Syntax-Guided Diffusion Language Models with User-Integrated Personalization
Ruqian Zhang, Yijiao Zhang, Juan Shen, Zhongyi Zhu, Annie Qu
TL;DR
This work tackles the tendency of large language models to produce stylistically uniform text by introducing syntax-guided diffusion with user-integrated personalization. It presents a cascaded STDiff pipeline where syntax generation informs text realization, and a noncascaded variant with overlapped diffusion for bidirectional refinement, both augmented with a shared personality space for fine-grained personalization. The approach demonstrates improved fluency, diversity, and stylistic fidelity across sentiment and emotion tasks, with strong zero-shot generalization through interpolated personality weights. The results suggest that explicit syntactic structure and cross-style information sharing can enhance controllability and interpretability in diffusion-based language generation, offering practical impact for personalized text synthesis and style-aware NLP applications.
Abstract
Large language models have made revolutionary progress in generating human-like text, yet their outputs often tend to be generic, exhibiting insufficient structural diversity, which limits personalized expression. Recent advances in diffusion models have opened new opportunities for improving language generation beyond the limitations of autoregressive paradigms. In this work, we propose a syntax-guided diffusion language model that integrates structural supervision and personalized conditioning to enhance text quality, diversity, and controllability. We introduce a cascaded framework that generates syntactic guidance before conditional text generation, and further generalize it to a novel noncascaded architecture for better alignment between structure and content.

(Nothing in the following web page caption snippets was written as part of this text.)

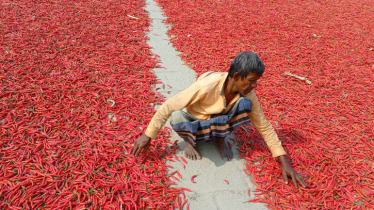 Dry chilies worth crores of Taka getting produced in Gaibandha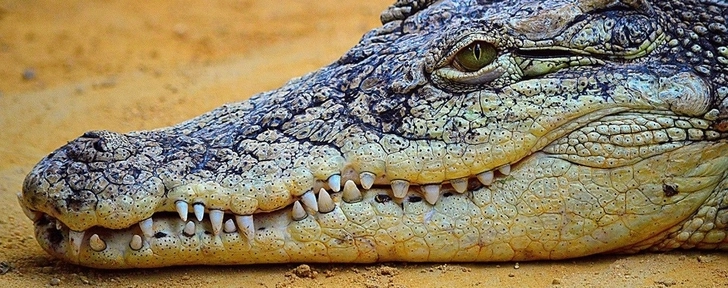 Девочка оседлала крокодила и спасла подругу от гибели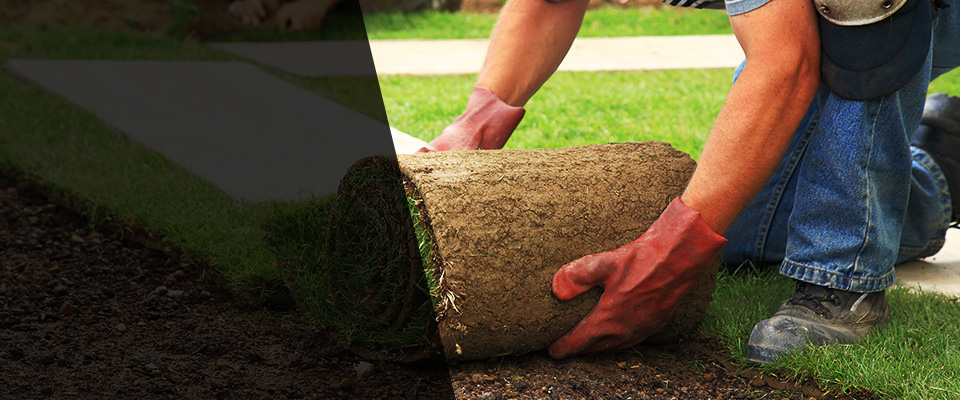 Rexburg Landscapers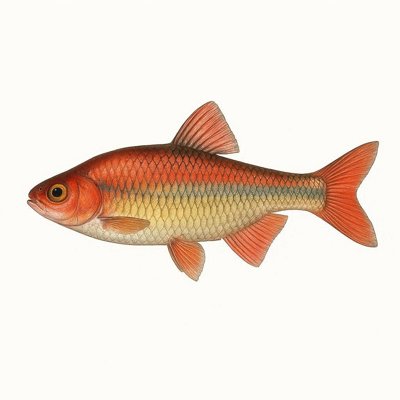 Rosyside Dace_d1ef7b1e-bf6a-4801-9928-18262e4dd00d.jpg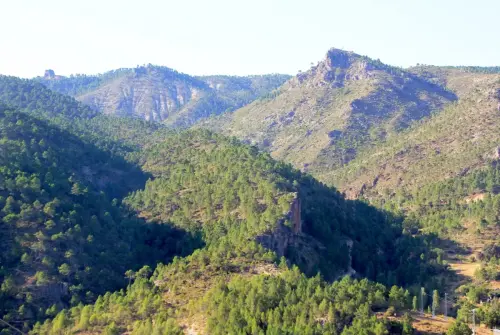 Cabeza-de-Madera-Molinicos2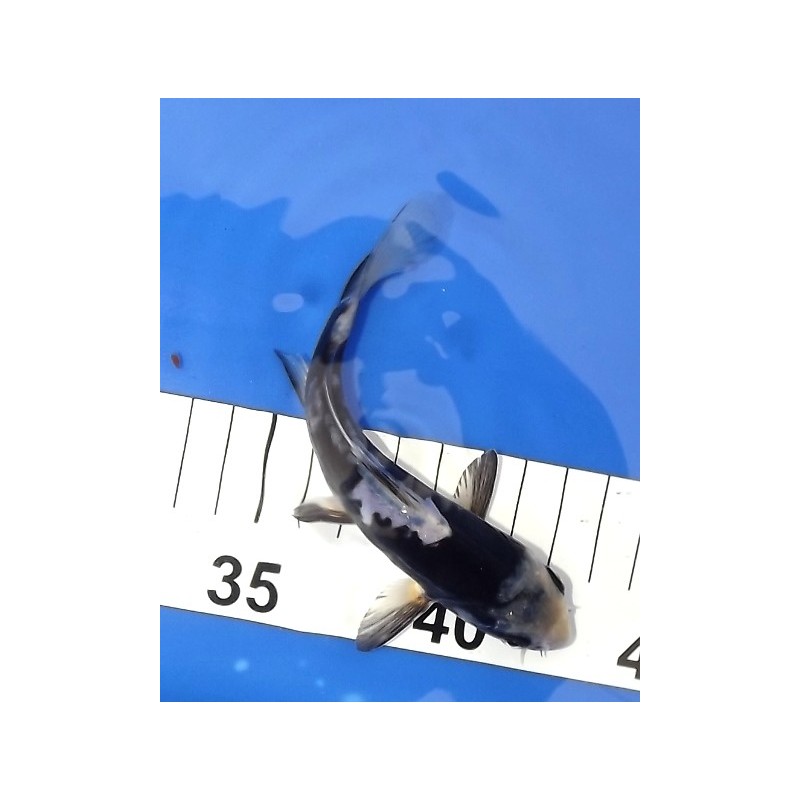 Tosaï : Matsukawabake éleveur Aoki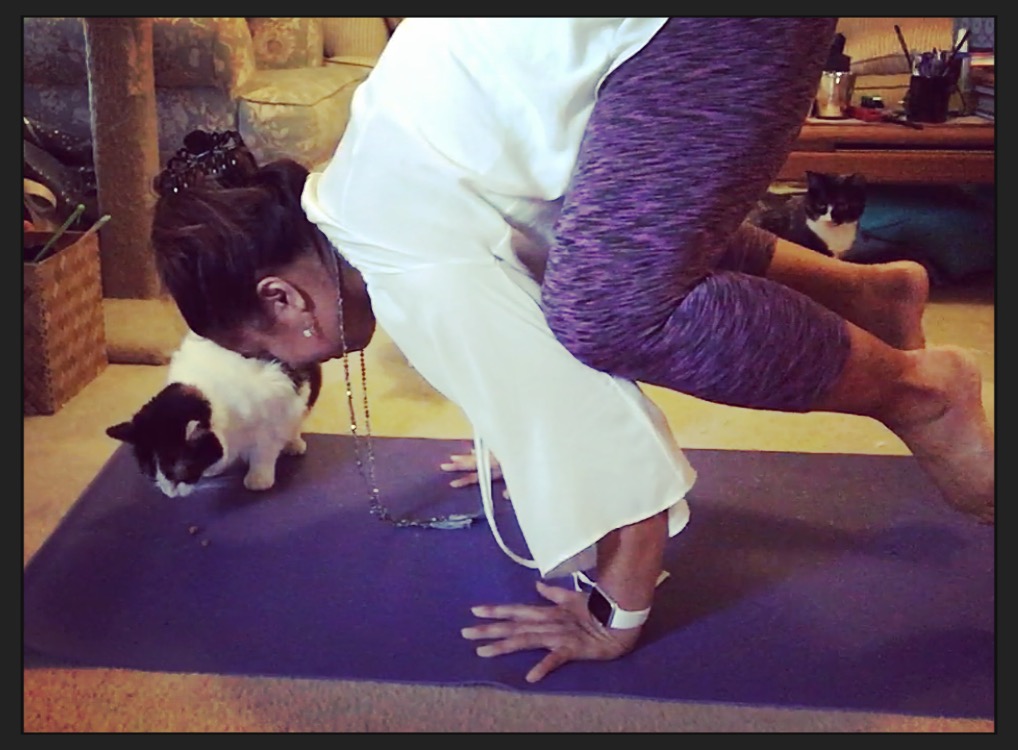 PETSANDPOSES5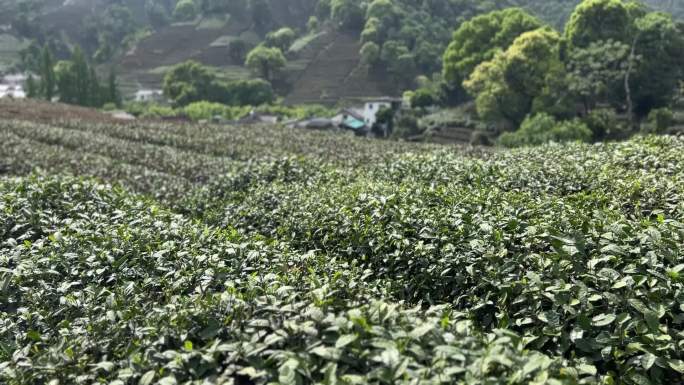 浙江杭州梅家坞龙井茶山茶村视频素材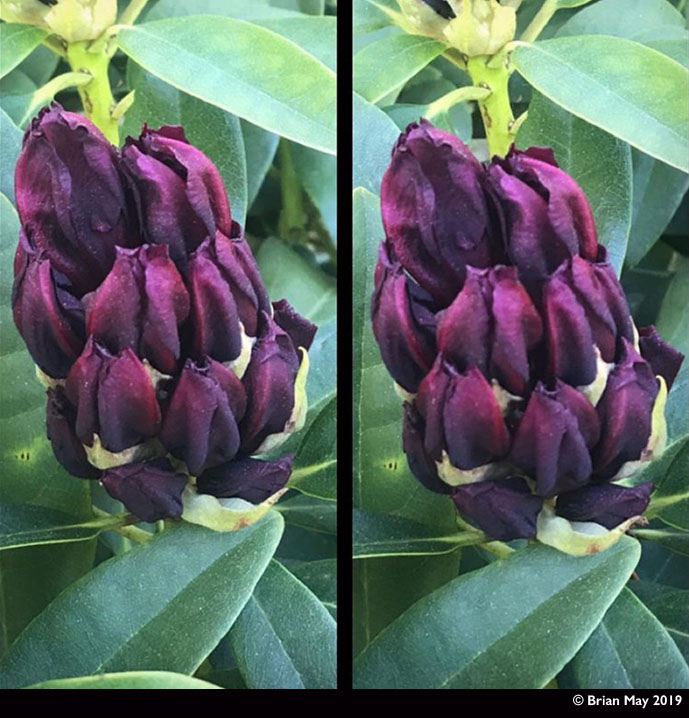 Rhodendron buds - parallel stereo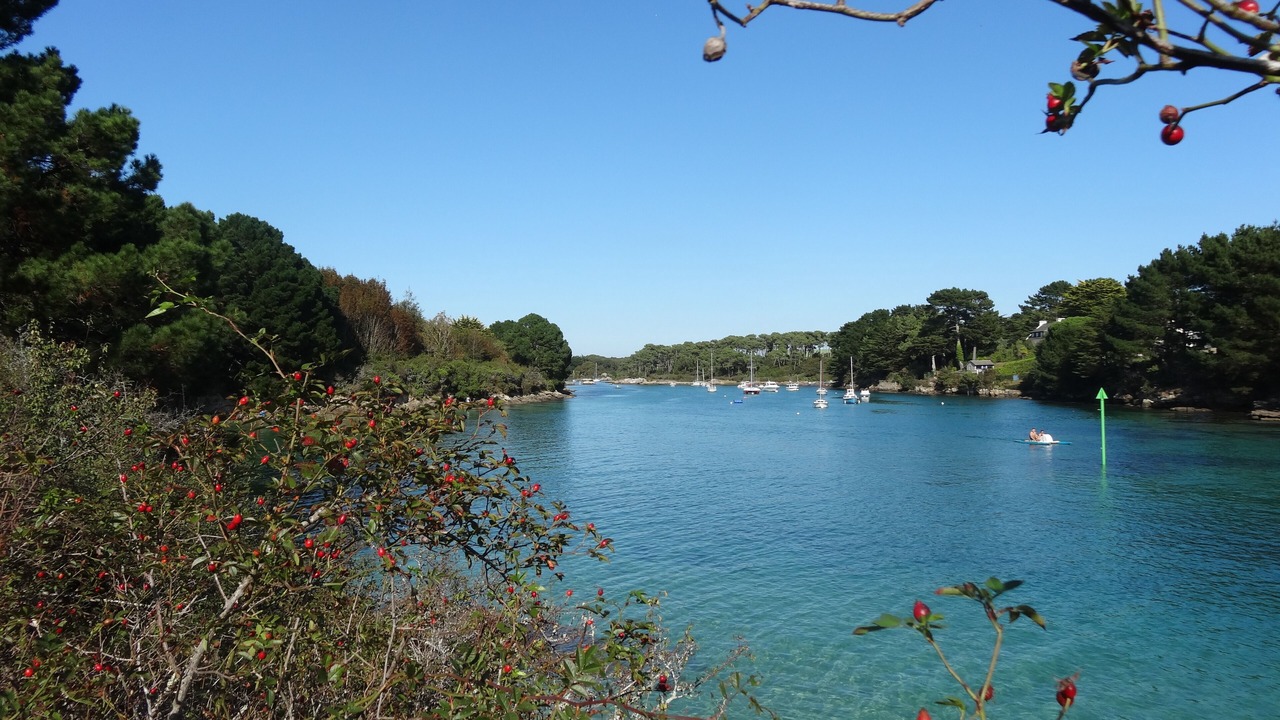 Photo of Others in Concarneau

By incorporating syntactic information in the generating process, the proposed model better captures the lexical and structural characteristics of stylistic sentence construction. To enable fine-grained personalization, we develop a shared representation mechanism that facilitates information integration across users, supporting both faithful stylistic generation and generalizable zero-shot inference. Extensive experiments on multiple tasks demonstrate the superiority of our approach in fluency, diversity, and stylistic fidelity. Further qualitative analyses highlight its interpretability and flexibility in learning personalized patterns.